Parmi les anonymes, Nathalie, coiffée d’un bonnet rouge à l’effigie de Strasbourg, confie les yeux encore humides :
« J’avais besoin d’être là ce matin, d’être ensemble avec mes amis. Je voulais rendre hommage à ma ville et ne pas rester chez moi. C’était émouvant sans être triste ni morbide. »
« Cette ville, c’est la nôtre »
Son ami Rigoberto, argentin et strasbourgeois d’adoption depuis six ans poursuit :
« Ça m’a fait du bien au corps. C’est une fierté d’appartenir à cette communauté. »
Florencia, mexicaine et depuis 17 ans à Strasbourg, abonde :
« Cette ville c’est la nôtre à tous. »
Plus loin, Sabrine explique être venue avec son fils Nadhir, 7 ans et demi, « pour être solidaire » :
« En tant que musulmane je ne suis pas du tout d’accord avec ce qui a été fait. J’habite aux Poteries, pas très loin de là d’où habite la famille du tueur. Je suis en colère quant aux défaillances de la justice dans l’accompagnement de ce jeune, qui avait 27 condamnations. J’ai lu qu’il a commis son premier vol à 10 ans. Il doit y avoir des solutions à trouver pour ces jeunes. Il est loin d’être seul. On a un gros travail à faire avec nos enfants. »
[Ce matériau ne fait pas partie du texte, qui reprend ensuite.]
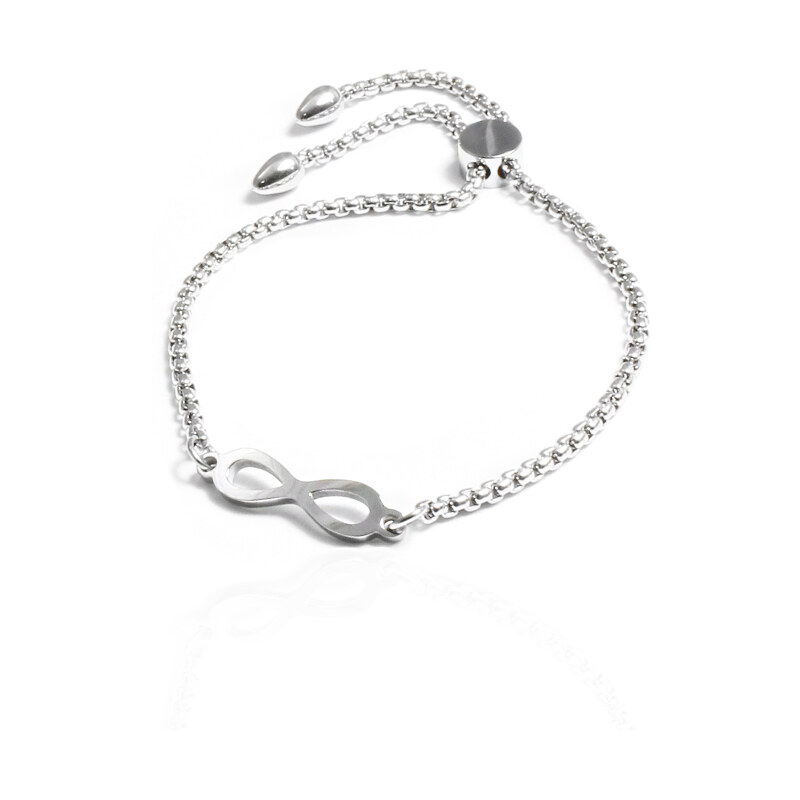 BM Jewellery Dámský sťahovacie náramok nekonečno z chirurgickej ocele 19421427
« Strasbourg va vivre encore plus pleinement »
Pour Sidi, c’était « un devoir » d’être ici ce matin :
« Quand on veut vivre, l’unique façon de montrer de notre compassion c’est de se rassembler. Je connaissais le journaliste italien décédé ainsi que Bartek. J’avais donc un devoir supplémentaire à être là pour ceux qui sont partis et ceux qui luttent encore. Et je n’oublie pas que ceux qui ont fait ça sont issus de la même humanité que nous. Maintenant Strasbourg mérite de continuer à vivre. C’est ça qui va nous maintenir. Et d’ailleurs je crois que Strasbourg va vivre, et même encore plus pleinement. »
L’imam Saliou Faye, du quartier de la Meinau, félicite le rassemblement :
« Ce qu’il faut c’est ça : marquer la solidarité de tout le monde. Être mains dans la main contre la violence. Elle n’a pas sa place dans cette ville, ni ailleurs. Strasbourg est et restera une ville modèle de dialogue et de vivre ensemble. »
« Pas tombés dans le piège »
Le religieux musulman cite le pasteur Martin Luther King :
« Nous vivrons ensemble comme des frères ou nous mourrons comme des fous. »
Dans la foule des anonymes, Harold Avraham Weill est venu ce matin en « simple citoyen. » Le grand rabbin de Strasbourg, natif de Strasbourg et en poste depuis un an, a vécu de front l’attentat de Toulouse en 2012 :
« J’ai déjà connu ce jour où tout bascule et où l’on tombe dans la perte d’insouciance. Je crois que les Strasbourgeois ne sont pas tombés dans ce piège. Leur réaction est exceptionnelle depuis mercredi dans leur volonté d’aller de l’avant. »
Déjà, les associations caritatives des chalets de la place se mettent à revendre leur vin chaud. La patinoire se remplit d’enfants.